It’s Your Community.

The first time someone referred to me as a “community leader”, I raised an eyebrow.  Yes, I was helping out with different things locally, but I didn’t see it as leadership, just volunteering.  Over time, as I came to have a hand in running more and more groups and events, I came to accept that label.  I suppose I was reluctant initially because I typically equated “community leader” with snobbishness, a sense of entitlement, and self-aggrandizing behavior.  It took me a long time to realize a simple truth: If people are following you or looking to you for example, you are a leader.  Whether you want to be a good leader is a matter of personal choice.  I see a ton of areas that could be improved in the mirror; there’s always room for improvement.

Even if you’re going to events and not running things, you are still in a position of power.  With every event you go to, and every event you decide to skip, you’re voting with your feet and your money.  Without attendees, groups disappear.

I’m involved in my local community because I care.  I want to see it thrive.  I want to see people happy.  I want to be surrounded with all sorts of fun pervocity.  If everyone sat on their couches and wished for a thriving community, it wouldn’t happen.  This leads to another basic truth in life: If you want to accomplish things, you have to actually do stuff.  Don’t give up dreaming, but have a healthy mix of dreaming and doing.

All it takes is a handful of people who are willing to take the initiative in getting things started, whatever flavor of “things” that may be.  Once people see what can be done and what they’re capable of, they step up and create a space that’s better suited for their interests and comforts.  I believe in providing the encouragement to make people aware that the community is theirs to mold as they see fit.  Obviously larger changes require more effort and resources, but the power is in each of our hands.  It’s up to you to either use that power or sit on it.  We are all community leaders.

Yarr, Look Alive, Matey!

I engage in lots of different forms of play, and I do it with people of all experience levels.  One common thread I’ve found though is that the scenes I enjoy the most are the ones in which the top is enthusiastic about what we’re doing.  Regardless of the type of play it is, when the top really gets into it, it makes the scene so much better all around.

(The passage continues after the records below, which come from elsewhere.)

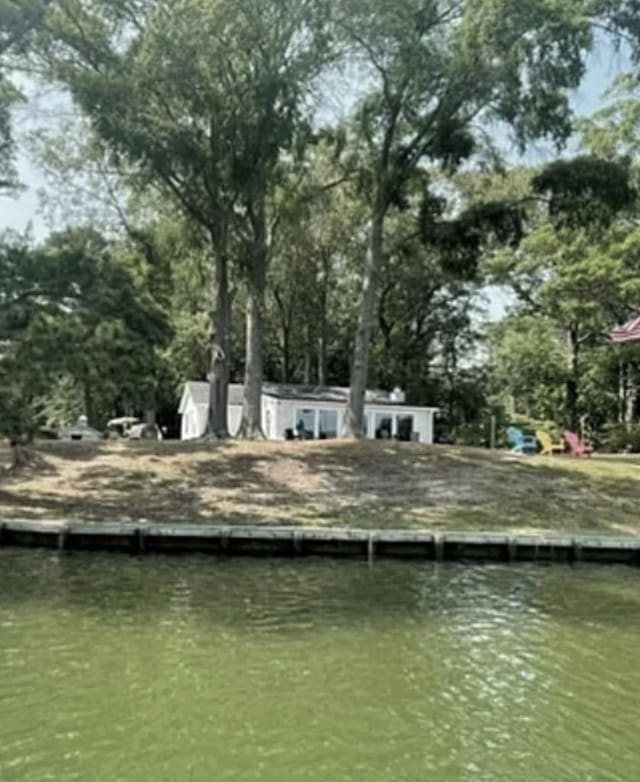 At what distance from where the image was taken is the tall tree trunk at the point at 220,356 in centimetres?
2109

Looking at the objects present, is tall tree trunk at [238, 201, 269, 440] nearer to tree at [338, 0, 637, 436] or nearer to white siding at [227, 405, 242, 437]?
tree at [338, 0, 637, 436]

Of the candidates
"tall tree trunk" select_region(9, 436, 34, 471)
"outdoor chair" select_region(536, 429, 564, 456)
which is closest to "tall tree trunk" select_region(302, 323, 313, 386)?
"outdoor chair" select_region(536, 429, 564, 456)

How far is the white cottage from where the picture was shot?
3050 centimetres

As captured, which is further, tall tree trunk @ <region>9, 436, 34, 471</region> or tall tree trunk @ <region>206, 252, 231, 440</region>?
tall tree trunk @ <region>206, 252, 231, 440</region>

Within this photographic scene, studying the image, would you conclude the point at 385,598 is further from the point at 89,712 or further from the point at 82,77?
the point at 82,77

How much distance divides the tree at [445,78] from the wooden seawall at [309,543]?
7.41 meters

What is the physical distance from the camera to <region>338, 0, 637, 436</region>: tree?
1762 centimetres

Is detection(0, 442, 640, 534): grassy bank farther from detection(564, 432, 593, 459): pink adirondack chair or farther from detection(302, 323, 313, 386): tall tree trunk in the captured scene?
detection(302, 323, 313, 386): tall tree trunk

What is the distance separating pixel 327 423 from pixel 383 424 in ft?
6.49

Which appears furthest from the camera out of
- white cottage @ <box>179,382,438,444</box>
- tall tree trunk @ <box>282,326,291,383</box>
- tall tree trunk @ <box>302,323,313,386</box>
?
tall tree trunk @ <box>302,323,313,386</box>

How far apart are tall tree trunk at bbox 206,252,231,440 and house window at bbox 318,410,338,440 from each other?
9.31m

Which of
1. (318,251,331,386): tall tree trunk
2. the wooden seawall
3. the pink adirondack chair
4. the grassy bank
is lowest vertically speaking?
the wooden seawall

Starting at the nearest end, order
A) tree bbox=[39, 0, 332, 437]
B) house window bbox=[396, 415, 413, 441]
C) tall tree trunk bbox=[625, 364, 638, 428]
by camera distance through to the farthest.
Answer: tree bbox=[39, 0, 332, 437], house window bbox=[396, 415, 413, 441], tall tree trunk bbox=[625, 364, 638, 428]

This is probably why I typically don’t go for the “icy bitch princess” type.  That lack of enthusiasm tells me she’d rather be doing something else.  I like to know that whoever I’m playing with is genuinely getting into whatever it is we’re doing, not thinking about what she’s going to do as soon as we’re done.

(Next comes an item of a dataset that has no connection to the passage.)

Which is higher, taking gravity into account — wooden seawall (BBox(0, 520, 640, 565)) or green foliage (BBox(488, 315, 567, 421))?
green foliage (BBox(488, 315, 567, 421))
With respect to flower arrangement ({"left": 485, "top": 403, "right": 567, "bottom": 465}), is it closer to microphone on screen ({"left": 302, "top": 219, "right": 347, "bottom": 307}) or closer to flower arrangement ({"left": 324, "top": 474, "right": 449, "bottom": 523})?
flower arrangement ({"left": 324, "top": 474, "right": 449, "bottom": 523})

That desire for enthusiasm is even more true when it’s something I don’t want in the moment.  Being made to go through something that I really want to stop is a powerful experience; but when my pain, humiliation, or disgust is met with laughter, smiles, or arousal from the top, it intensifies the whole experience.  It makes it very clear that an energy exchange is taking place: my “oh fuck please stop” directly feeds her “mmmmm“.  It doesn’t get hotter than that.

It doesn’t matter what type of play it is.  Being met with indifference is a sure way to make that particular scene flop.  I liken it to stoic bottoms.  When a top feeds off of the bottom’s whimpers, squirming, or noises, and the bottom fails to react at all, the top doesn’t get much out of it.  By the same token, I feed off of the top’s reactions.  If she’s clearly not getting something out of what we do, why bother?

Some types of play blur that line a bit.  For example, T isn’t so much into foot worship.  We still do it on occasion though; it’s partly her indulging one of my interests and partly the fact that she loves to drive me up a wall while she has me in chastity.  So even if she doesn’t directly enjoy that form of play in itself, she does enjoy making me reeeeeeeally want to cum.  There’s still some sort of appeal in it for both of us, so it works.

Whenever I play with someone, if I’m not reacting, chances are I’m either not into that form of play or we’re not going hard enough.  Likewise, I can’t help but think that if the top isn’t reacting, she also isn’t getting much out of what we’re doing.  I’m not talking about big, overblown, porn-style moaning or anything like that.  Just the occasional laugh, mocking comment, or even her body language, can be enough to let me know that she’s enjoying my humiliation or pain.

If you’re having sex with someone, and they’re just laying there looking bored, not reacting, occasionally checking the clock, it’s very evident they’re not enjoying it.  Why should play be any different?